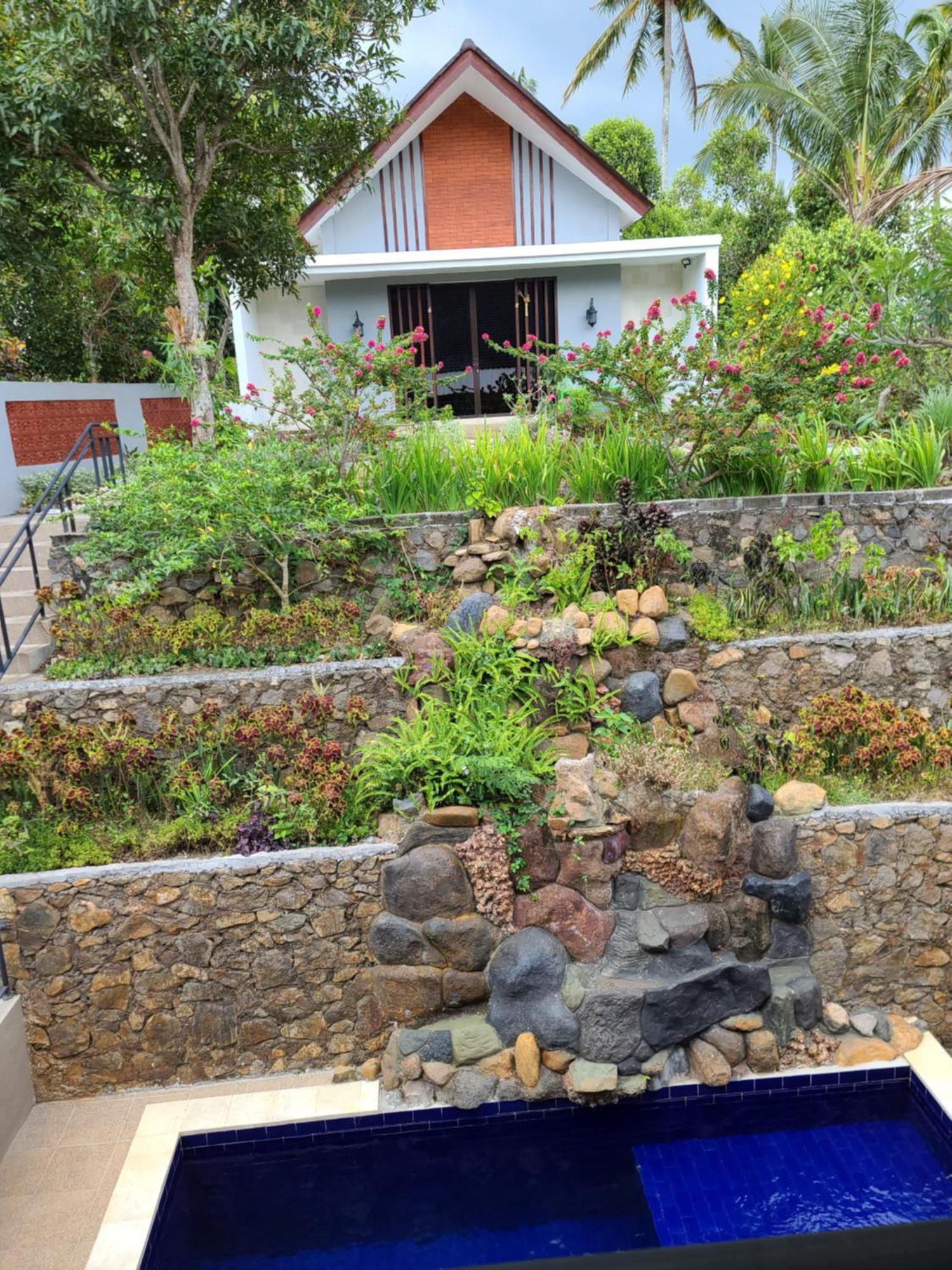 Ling & Louie'S Mountain Mayong Exterior foto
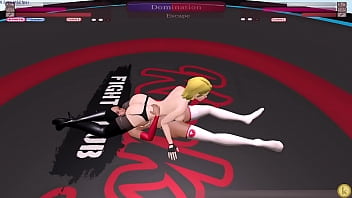 Tiffany vs brenda kyfc sexfight strap on sex kinky fight club competitive intercourse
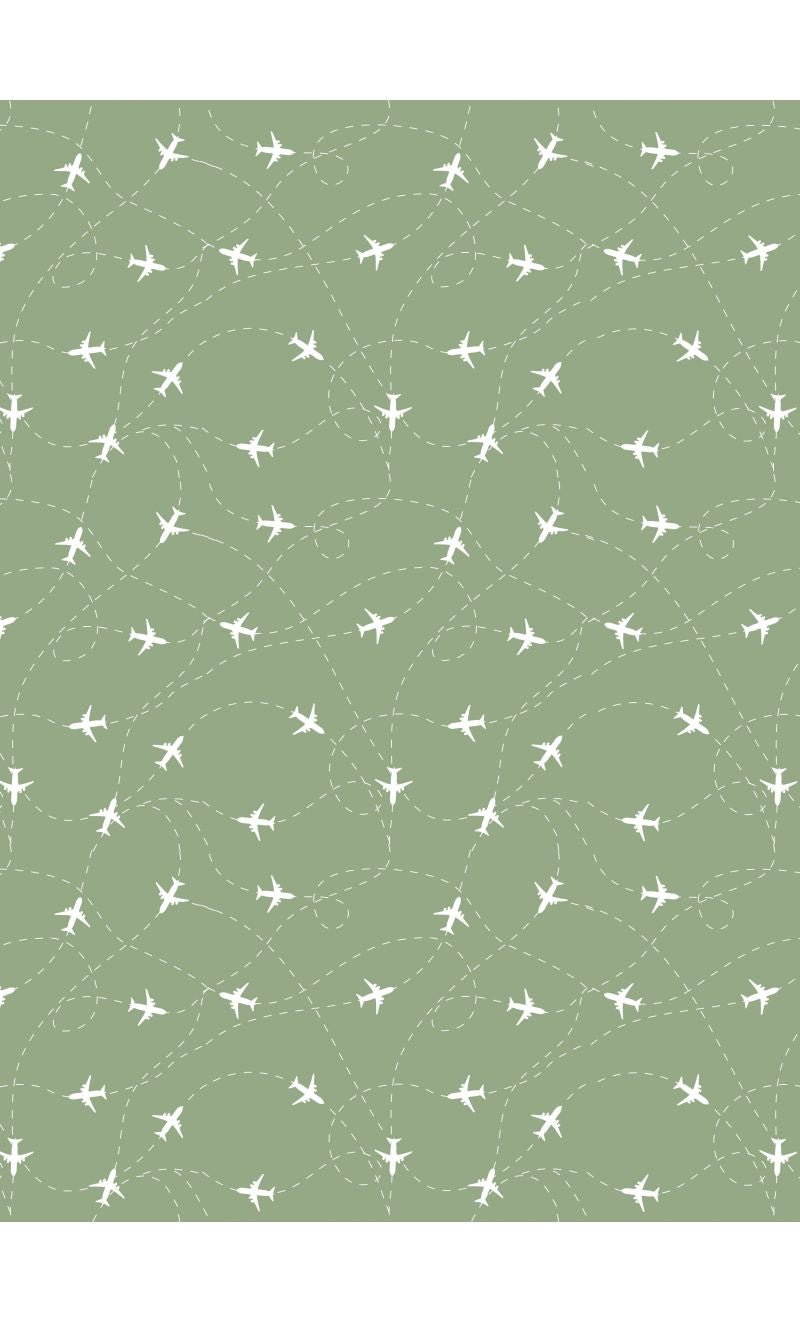 Papeles básicos A4 Traveller Vintage Odyssey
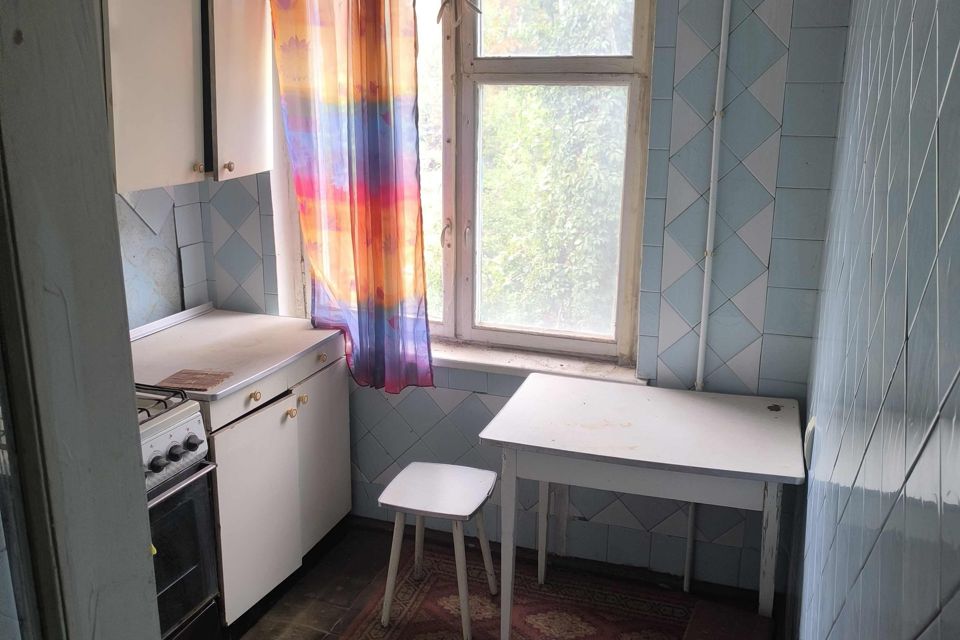 Продаётся 2-комнатная квартира, 44.1 м²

* [About this task]: Your copy of the listing should match it exactly, apart from the pictures, which are left out.

* [Response to this task]:
 Ling & Louie'S Mountain Mayong Exterior foto
 Tiffany vs brenda kyfc sexfight strap on sex kinky fight club competitive intercourse
 Papeles básicos A4 Traveller Vintage Odyssey
 Продаётся 2-комнатная квартира, 44.1 м²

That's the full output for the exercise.